Alfred Henry Whitehouse was born on 15 September 1856 at Birmingham, Warwickshire, England, the son of Abel Whitehouse, a warehouseman, and his wife, Matilda Craddock. He is believed to have come to New Zealand with his parents about 1864. Very little is known of his early life. When he married Eliza Davis at Auckland on 22 October 1878 his occupation was recorded as bootmaker. Eliza died at Te Aroha on 17 June 1888, leaving Alfred with five children.

About 1894, possibly after a visit to the World Columbian Exposition in Chicago, Alfred Whitehouse began touring New Zealand exhibiting the Edison phonograph. Late in 1895, having just returned from a four-month trip around the world, he became the first person to exhibit motion pictures in New Zealand by means of Edison's kinetoscope, an apparatus that allowed a loop of film to be viewed by one person at a time. He opened his kinetoscope exhibition on 29 November 1895 at Bartlett's Studio in Queen Street, Auckland, where he had four machines on show. For the admission price of 1s. (children 6d.) patrons could view four scenes: 'The barber's shop', 'The fire rescue scene', 'The Chinese laundry' and 'Annabelle's graceful butterfly dance'. These were replaced by a second series of scenes three weeks later. During the season Whitehouse introduced the kinetophone, a combination of the kinetoscope and the phonograph, which enabled the viewer to see, for example, Annabelle dance the butterfly dance to music by the Paragon Trio.

In February 1896 Whitehouse closed his Auckland season and took the kinetoscope exhibition on tour through the North Island, ending at Wellington in January 1897, when he sold his kinetoscopes. By this time the limitations of the medium would have been all too apparent to Whitehouse. On 13 October 1896 the Auckland Opera House had been the venue of the first presentation in New Zealand of the kinematograph, whereby motion pictures were projected on a screen, enabling a large number of people to view a single exhibition of a film. Whitehouse's kinetoscope exhibitions had, however, proved sufficiently lucrative to enable him to travel overseas again, this time to Queen Victoria's diamond jubilee celebrations in London in June 1897. He returned to New Zealand later that year, and on 14 September, at Auckland, he married 22-year-old Ada Baker.
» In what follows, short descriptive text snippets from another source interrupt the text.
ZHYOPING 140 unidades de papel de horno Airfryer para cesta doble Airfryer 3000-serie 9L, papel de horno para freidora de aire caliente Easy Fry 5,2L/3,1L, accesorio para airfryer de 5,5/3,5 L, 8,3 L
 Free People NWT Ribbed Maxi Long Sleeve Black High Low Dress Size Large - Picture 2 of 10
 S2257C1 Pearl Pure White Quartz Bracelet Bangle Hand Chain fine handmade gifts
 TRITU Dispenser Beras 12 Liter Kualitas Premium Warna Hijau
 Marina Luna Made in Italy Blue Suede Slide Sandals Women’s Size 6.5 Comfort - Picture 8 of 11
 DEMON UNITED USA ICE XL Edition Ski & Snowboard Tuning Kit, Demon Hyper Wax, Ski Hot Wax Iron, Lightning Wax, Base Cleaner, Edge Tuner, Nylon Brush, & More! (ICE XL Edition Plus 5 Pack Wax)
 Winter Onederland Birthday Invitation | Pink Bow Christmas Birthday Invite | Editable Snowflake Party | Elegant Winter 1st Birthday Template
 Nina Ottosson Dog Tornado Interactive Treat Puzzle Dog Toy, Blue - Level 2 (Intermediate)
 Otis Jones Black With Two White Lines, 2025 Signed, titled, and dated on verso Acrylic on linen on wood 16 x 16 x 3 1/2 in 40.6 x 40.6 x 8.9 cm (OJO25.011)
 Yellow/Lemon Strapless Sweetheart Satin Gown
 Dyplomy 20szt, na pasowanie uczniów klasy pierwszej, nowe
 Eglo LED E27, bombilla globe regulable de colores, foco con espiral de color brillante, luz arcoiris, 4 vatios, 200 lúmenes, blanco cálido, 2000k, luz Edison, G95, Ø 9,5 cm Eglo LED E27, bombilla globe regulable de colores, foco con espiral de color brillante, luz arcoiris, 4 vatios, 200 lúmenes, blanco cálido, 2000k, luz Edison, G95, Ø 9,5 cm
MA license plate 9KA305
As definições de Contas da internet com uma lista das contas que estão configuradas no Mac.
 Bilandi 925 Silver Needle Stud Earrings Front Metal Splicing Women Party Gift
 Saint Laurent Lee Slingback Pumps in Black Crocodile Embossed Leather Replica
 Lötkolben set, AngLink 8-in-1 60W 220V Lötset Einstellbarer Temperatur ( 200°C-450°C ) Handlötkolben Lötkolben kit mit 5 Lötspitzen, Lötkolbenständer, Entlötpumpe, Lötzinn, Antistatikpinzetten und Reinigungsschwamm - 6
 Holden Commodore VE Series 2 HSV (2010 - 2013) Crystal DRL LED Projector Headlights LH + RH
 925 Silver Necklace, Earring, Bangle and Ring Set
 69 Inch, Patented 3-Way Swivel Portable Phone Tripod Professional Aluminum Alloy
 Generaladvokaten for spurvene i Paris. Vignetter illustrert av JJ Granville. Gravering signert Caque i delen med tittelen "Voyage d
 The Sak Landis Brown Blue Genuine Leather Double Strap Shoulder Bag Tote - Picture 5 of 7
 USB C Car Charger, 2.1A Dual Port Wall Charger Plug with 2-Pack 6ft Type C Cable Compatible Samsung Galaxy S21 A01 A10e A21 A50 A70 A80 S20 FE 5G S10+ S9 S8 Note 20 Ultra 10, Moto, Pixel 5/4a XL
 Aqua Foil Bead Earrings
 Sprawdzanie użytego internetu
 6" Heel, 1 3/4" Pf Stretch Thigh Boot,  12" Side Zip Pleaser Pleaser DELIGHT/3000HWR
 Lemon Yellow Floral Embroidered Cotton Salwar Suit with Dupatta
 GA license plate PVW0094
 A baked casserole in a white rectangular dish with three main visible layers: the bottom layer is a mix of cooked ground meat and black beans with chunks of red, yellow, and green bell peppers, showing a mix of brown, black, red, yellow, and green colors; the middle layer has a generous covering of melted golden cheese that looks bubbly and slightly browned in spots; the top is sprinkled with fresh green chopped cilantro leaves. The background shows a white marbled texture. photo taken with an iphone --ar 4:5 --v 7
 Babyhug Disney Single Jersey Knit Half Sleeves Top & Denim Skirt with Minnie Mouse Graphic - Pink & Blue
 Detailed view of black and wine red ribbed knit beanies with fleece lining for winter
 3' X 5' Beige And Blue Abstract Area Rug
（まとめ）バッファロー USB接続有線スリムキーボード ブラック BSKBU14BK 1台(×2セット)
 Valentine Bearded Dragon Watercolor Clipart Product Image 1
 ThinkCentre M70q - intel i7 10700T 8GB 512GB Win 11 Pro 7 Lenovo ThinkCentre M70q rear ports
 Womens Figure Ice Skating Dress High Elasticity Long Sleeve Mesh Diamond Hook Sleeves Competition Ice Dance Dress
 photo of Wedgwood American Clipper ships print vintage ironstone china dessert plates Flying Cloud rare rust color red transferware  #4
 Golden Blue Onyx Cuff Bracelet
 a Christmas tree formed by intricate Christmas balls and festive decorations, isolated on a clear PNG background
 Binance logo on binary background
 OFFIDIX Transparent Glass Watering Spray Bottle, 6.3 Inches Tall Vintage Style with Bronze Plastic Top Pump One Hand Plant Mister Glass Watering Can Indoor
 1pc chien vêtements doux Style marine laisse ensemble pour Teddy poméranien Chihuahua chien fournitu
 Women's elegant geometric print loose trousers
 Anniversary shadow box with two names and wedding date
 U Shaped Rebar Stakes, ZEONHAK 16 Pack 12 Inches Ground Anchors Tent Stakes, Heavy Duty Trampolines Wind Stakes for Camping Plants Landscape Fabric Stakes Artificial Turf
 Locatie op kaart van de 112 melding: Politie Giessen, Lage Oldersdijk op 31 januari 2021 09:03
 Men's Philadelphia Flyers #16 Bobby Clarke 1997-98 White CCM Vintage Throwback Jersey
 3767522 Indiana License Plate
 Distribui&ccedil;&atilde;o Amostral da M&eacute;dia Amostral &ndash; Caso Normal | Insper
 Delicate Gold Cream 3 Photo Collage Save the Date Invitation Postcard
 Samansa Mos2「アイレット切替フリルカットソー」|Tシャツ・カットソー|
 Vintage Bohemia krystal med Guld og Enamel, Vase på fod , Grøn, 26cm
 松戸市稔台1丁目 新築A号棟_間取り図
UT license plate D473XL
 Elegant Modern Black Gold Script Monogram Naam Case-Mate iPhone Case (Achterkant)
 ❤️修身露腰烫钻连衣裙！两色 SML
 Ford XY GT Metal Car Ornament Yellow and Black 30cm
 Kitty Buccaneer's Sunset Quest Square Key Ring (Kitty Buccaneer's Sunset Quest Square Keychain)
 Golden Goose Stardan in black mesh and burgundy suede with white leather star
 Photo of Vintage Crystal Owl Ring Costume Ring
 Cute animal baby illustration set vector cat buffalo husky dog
On his way to England Whitehouse had visited Thomas Edison in New Jersey, USA, and he brought back with him Edison's projecting kinetoscope, which he proceeded to exhibit throughout the North Island as 'Mr Whitehouse's Kinematograph'. His itinerary kept him mainly in the greater Auckland area; there were at least 12 other kinematograph machines travelling in the North Island in the early part of 1898. To counter this competition, Whitehouse imported a camera to enable him to make his own moving pictures. Lacking the technical skill to operate the camera and develop the film, he enlisted the help of Auckland photographer W. H. Bartlett, whose studio had provided the venue for the first exhibition of the kinetoscope in 1895. On 1 December 1898 Whitehouse and Bartlett filmed the opening of the Auckland Industrial and Mining Exhibition. The film was screened at Bartlett's studio on Christmas Eve – the first public screening of a New Zealand film. Two days later Bartlett filmed the Auckland Cup race at Ellerslie, and this film was shown at his studio on 30 December. Early in 1899 Whitehouse began an extensive tour of the North Island with the first 'Animated Pictures' taken in New Zealand. Touring and exhibiting films occupied Whitehouse's energies more than production, but by mid 1900, when he left Auckland to travel to the Exposition universelle internationale in Paris, he had produced 10 films.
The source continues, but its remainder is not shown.